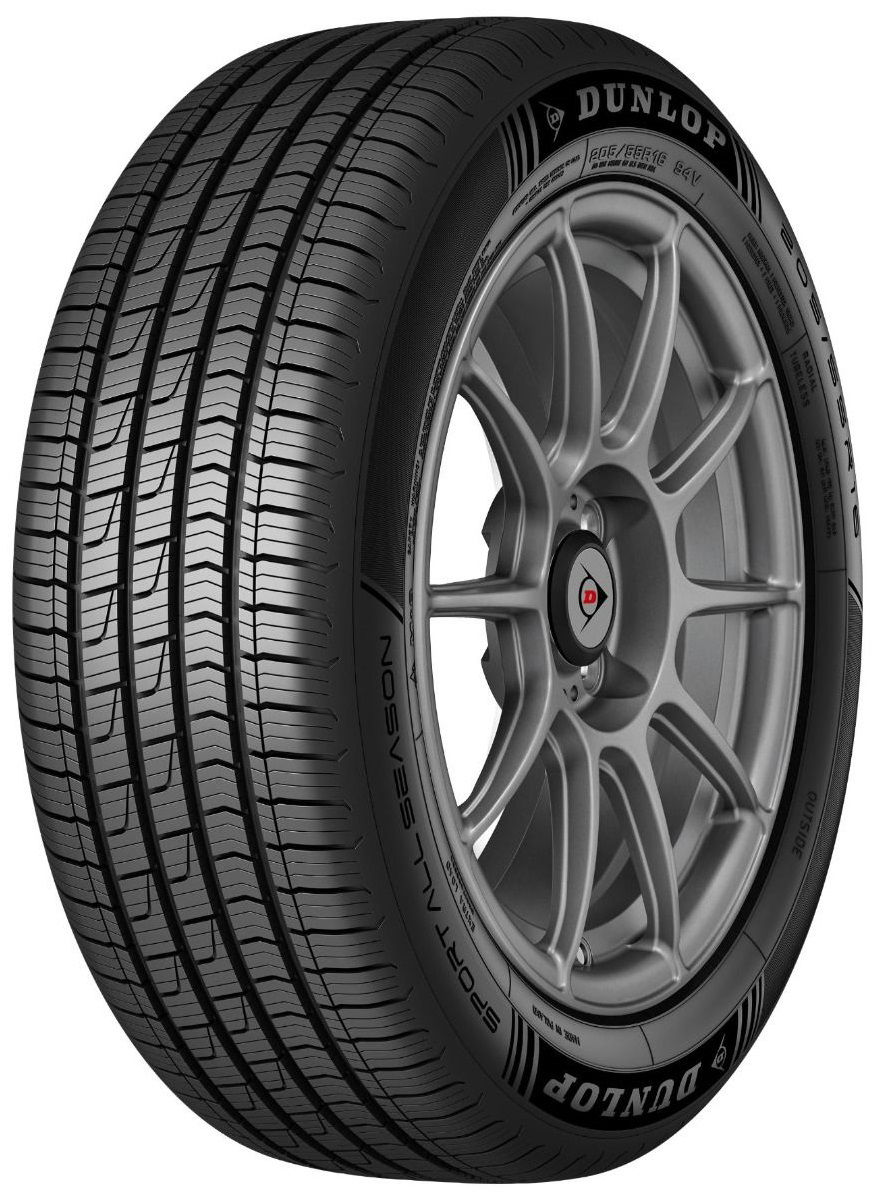 Dunlop Sport All Season 195/65 R15 95 V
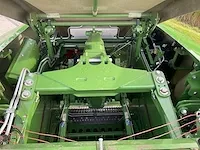 Krone - bigpack 1290 vc - grootpakpers - afbeelding 50 van  64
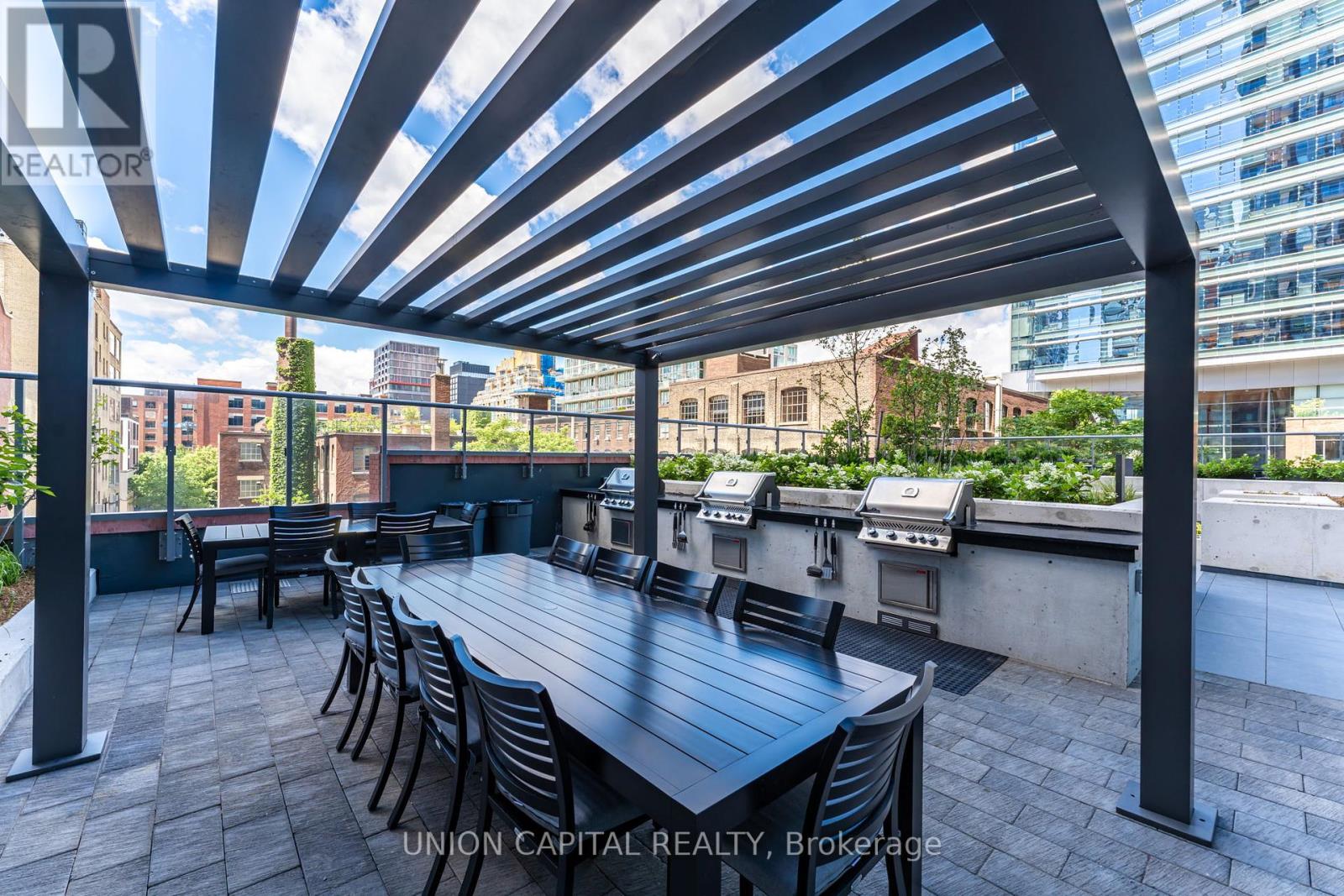 Photo 28 of 301 108 Peter Street, Toronto ON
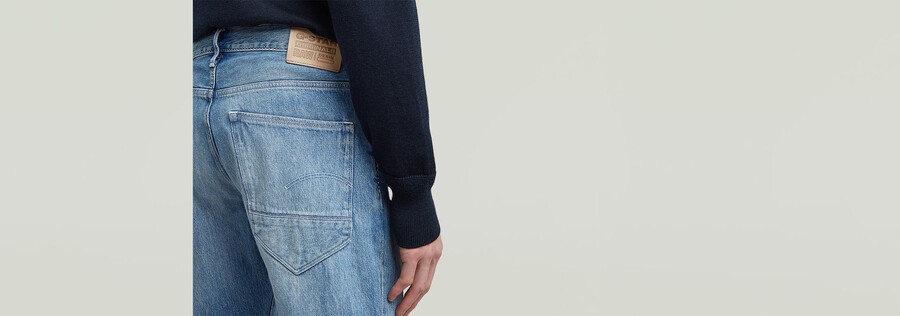 morry fwd regular tapered jeans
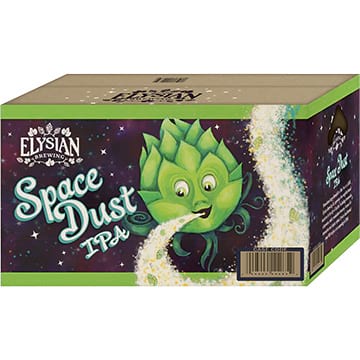 Elysian Space Dust IPA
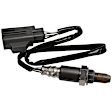 Oxygen Sensor, Set of 2, 4-wire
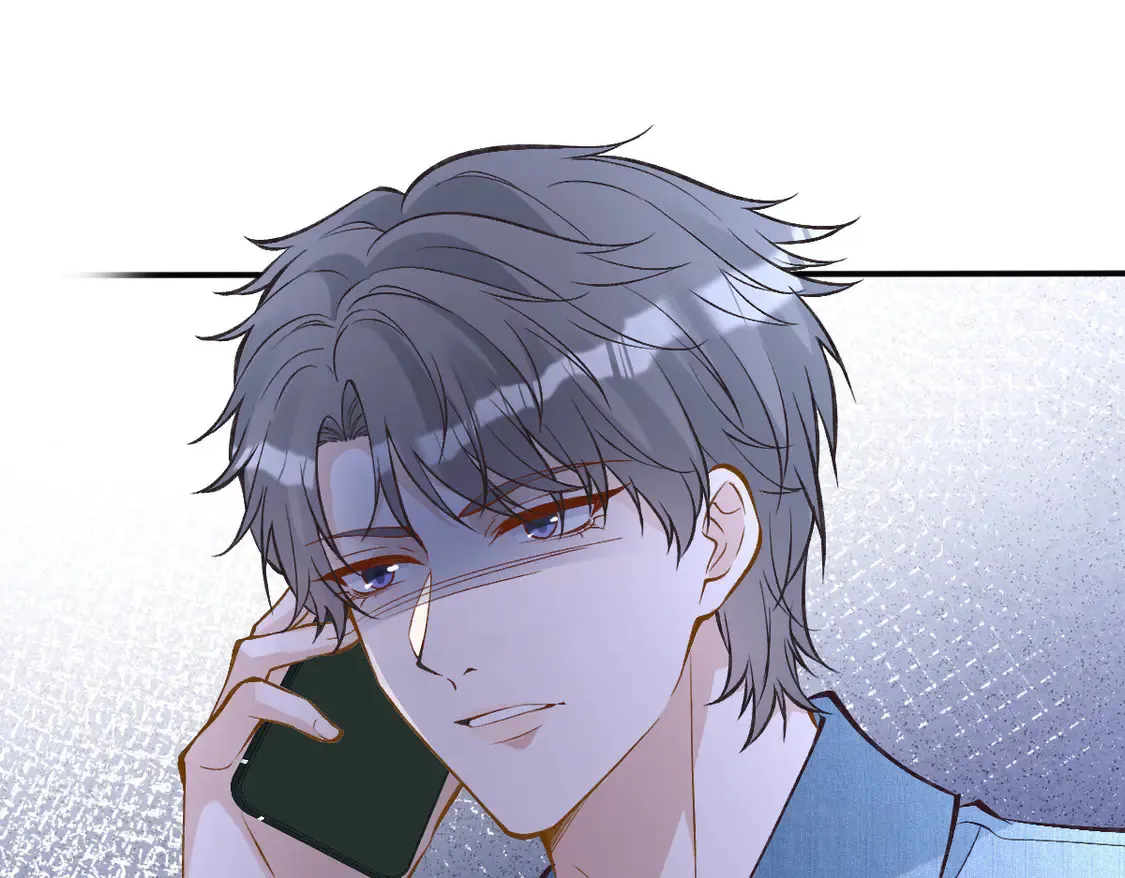 满级大佬翻车以后漫画,第299 霍总管的心机2图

▬▬▬

WHAT IS NEEDED:
The finished copy should match the data above word for word and contain no pictures.

ANSWER SPACE:
 Dunlop Sport All Season 195/65 R15 95 V
 Krone - bigpack 1290 vc - grootpakpers - afbeelding 50 van  64
 Photo 28 of 301 108 Peter Street, Toronto ON
 morry fwd regular tapered jeans
 Elysian Space Dust IPA
 Oxygen Sensor, Set of 2, 4-wire
 满级大佬翻车以后漫画,第299 霍总管的心机2图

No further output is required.